–Sondi Warner, Writer/Blogger for Wrought Iron Reads
Indie authors are rebels, eschewing traditional routes to publishing and brandishing their unorthodox ambitions with pride. Traditionally, one would have to find an agent, shop around a manuscript, sign ambiguous contracts, cross fingers and wait a year or more for a book to reach booksellers. But indie authors simply write, edit and click “Publish.” Which method is best is subjective. There are, however, advantages to both, and all authors might do well to try blending their approach.

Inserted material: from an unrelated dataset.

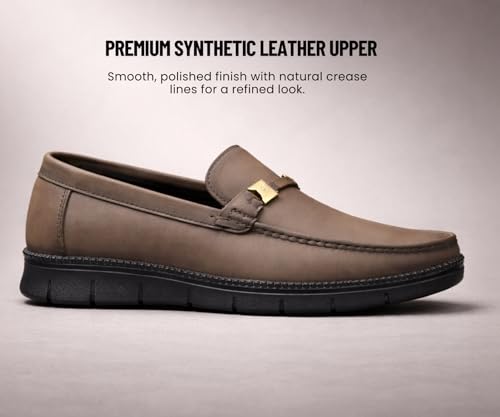 Image of Kraasa Men's Casual Loafers | Synthetic Leather Upper | Comfortable PU Sole | Slip-On Buckle Office, Party Shoes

One of the often forgotten methods of gaining a readership is in the Traditional camp and is a great form of marketing your potential. Have you considered entering writing competitions? Similar to regional testing in public schools, competitions allow writers to compare their talent with that of their peers and see where they stand. Also, writers should never neglect their resume by focusing solely on self-published content.
Credibility is garnered by having a robust portfolio, including having stories published in circulars and magazines, as well as attaching some awards to your career history.

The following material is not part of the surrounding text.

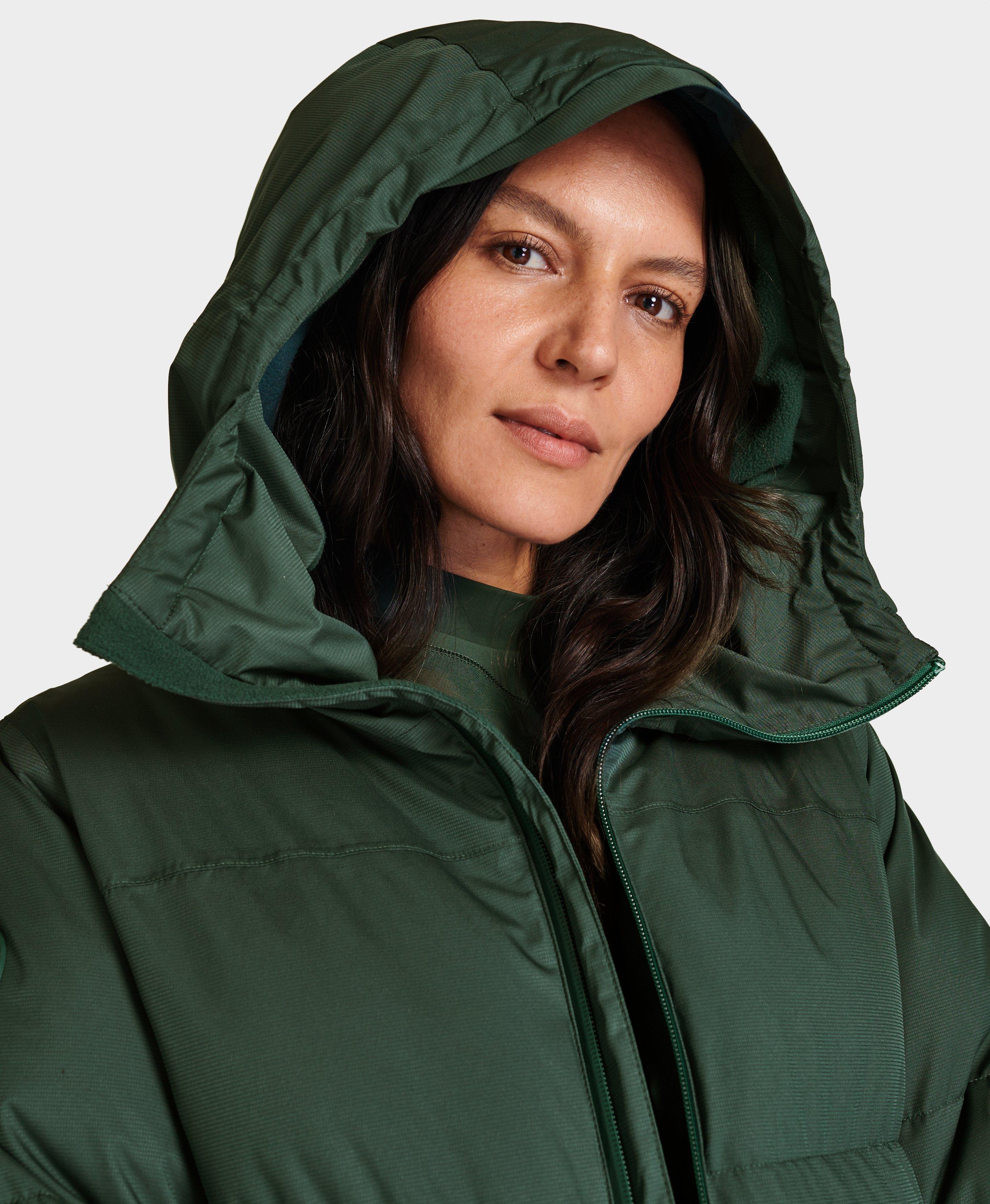 Green hooded best sale parka women's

Rosabeth Moss Kanter, who did a Harvard Business Review paper on “Ten Reasons Winners Keep Winning, Aside from Skill,” says: “[W]inning brings advantages that make it easier to keep winning.” There’s nothing like being able to stamp the seal of “Award-Winning Author” to a book, but the advantage is further reaching than that.
Let’s take a look at how indie authors in particular can benefit from entering competitions instead of always playing lone wolf.
Winning. As Kanter puts it, “Clearly everyone feels good about winning, while emotions sag at failure. Emotions affect performance. Positive moods produce physical energy and the resilience to persist after setbacks.” Not everyone who enters a competition will win. That’s the rule of the game. However, everyone who enters a competition can use the emotional response—positive or negative—to fuel their ambition to succeed. Winning confers a much-needed ego boost in the dog-eat-dog world of indie publishing, and any advantage is a good one. So, writers should be entering competitions if for no other reason than that there is the chance you might win.
Exposure. Most writing competitions charge a reading fee that can range anywhere from $10-40 or more. Why is that? Because often the judges are big name editors and/or authors, and your material will go directly into that person’s hands. How’s that for exposure. Furthermore, whether you win first place or not, many stories entered in competitions do go on to be published, thereby building your readership. Becky Tuch discusses the long arm of exposure in this wonderful examination of the pros and cons of entering writing competitions, here.
Cash Rewards. It should be noted that everyone likes a nice pay-out. Writing competitions are an easy way to get paid. In terms of marketing, winning a writing competition is the gift that keeps on giving. You will take your cash reward, add your “Award-Winning Author” seal to your next book, and reap the benefits of that exposure to get more book sales. For this reason, paying a minimal reading fee is worth the investment.
The Take-Away. If you have the capital to invest in writing competitions, there are benefits to doing so. In the end, indie authors should recognize their work speaks for itself, and the best form of marketing is having really great writing that gets people talking about it. Entering writing competitions is one route worth considering as you examine ways to get your material to your readership.
Tell us your experiences with competitions in the comment section below.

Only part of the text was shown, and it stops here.